To average readers that may sound like splitting hairs, but attribution is a block in the foundation of a newspaper's credibility.
"Nearly every scene I paint in the book I witnessed myself ... But in general, I get to be my own arbiter about whom to trust, about distinguishing gossip from reality. This is a weighty burden, but it becomes manageable when you get to know people well over a year."
Other freedoms found in reporting in book form including not needing the "journalistic shortcuts" often found in articles. For example, she didn't say "test scores rose" when the truth is the percentage of children who passed the test rose. A book doesn't require to provide equal time to opposing arguments considered baseless. Sarcasm can be used to illustrate a point without the fear of offending readers. And you have the freedom to change names to protect people's identity. This is not used in reporting, though anonymous sources are.

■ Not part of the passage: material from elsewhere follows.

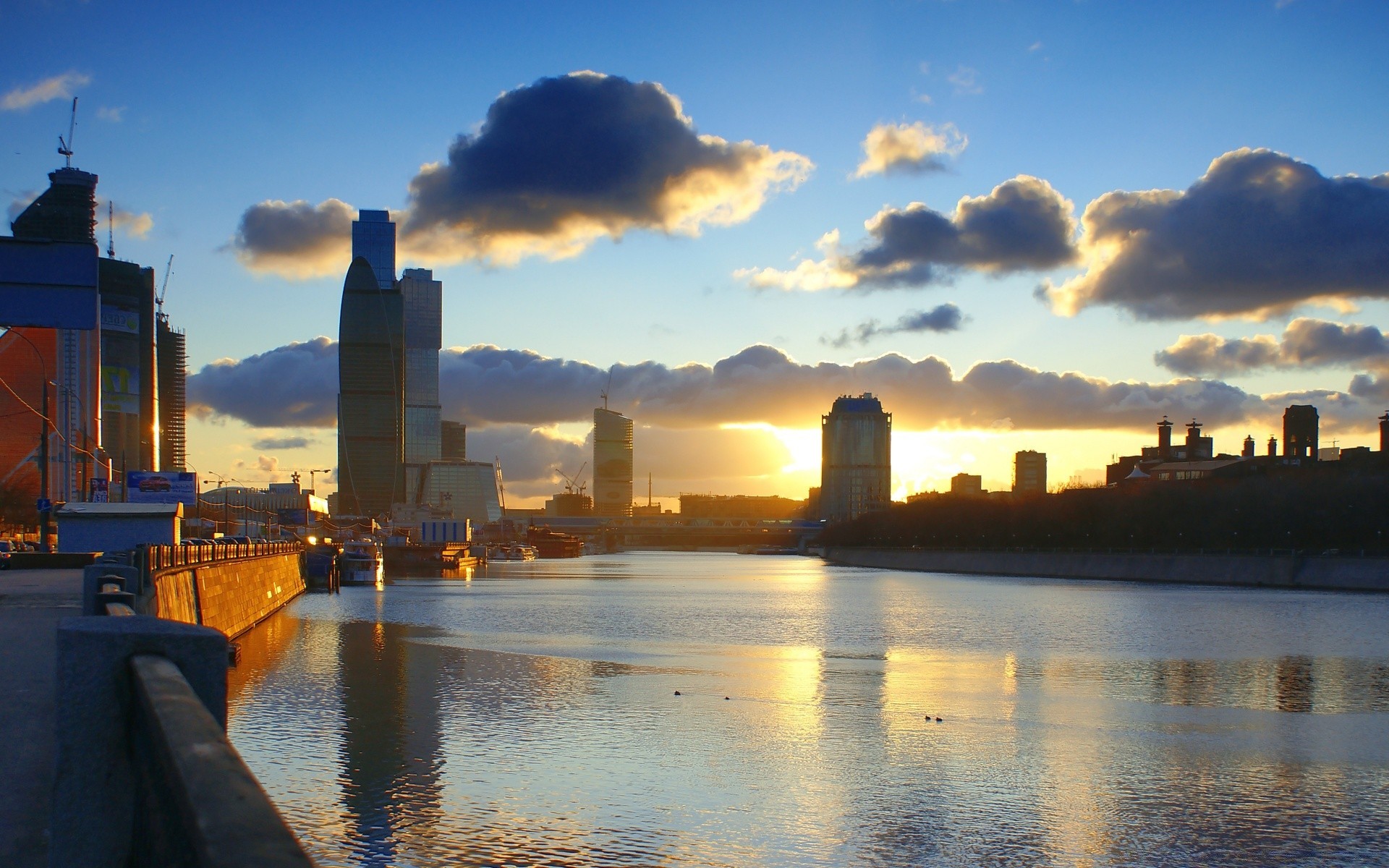 altre città tramonto acqua crepuscolo architettura città sera cielo alba fiume viaggi skyline riflessione città all aperto casa centro grattacielo ponte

What gives any unnamed or changed name sources credibility, whether in a book or newspaper, is that it's used with such specificity that it narrows the potential pool of people providing the sourcing.

Finally, you can tell the story without the risk of offending people.
"When I reported long ago for the Post about the growing behavior problems of elementary schoolchildren, everyone I interviewed, from the teachers to the administrators to the social scientists, implicated parents in some way, a point of view I passed along in the story. My editors let me know that I was being 'too hard on parents,' and that part of the story was excised considerably."
Perlstein concludes that newspapers' commitment to balance, objectivity, attribution, etc., while an impediment to telling compelling stories, necessarily keeps the focus tight. But that the best non-fiction books combine that journalistic discipline with looser narrative storytelling.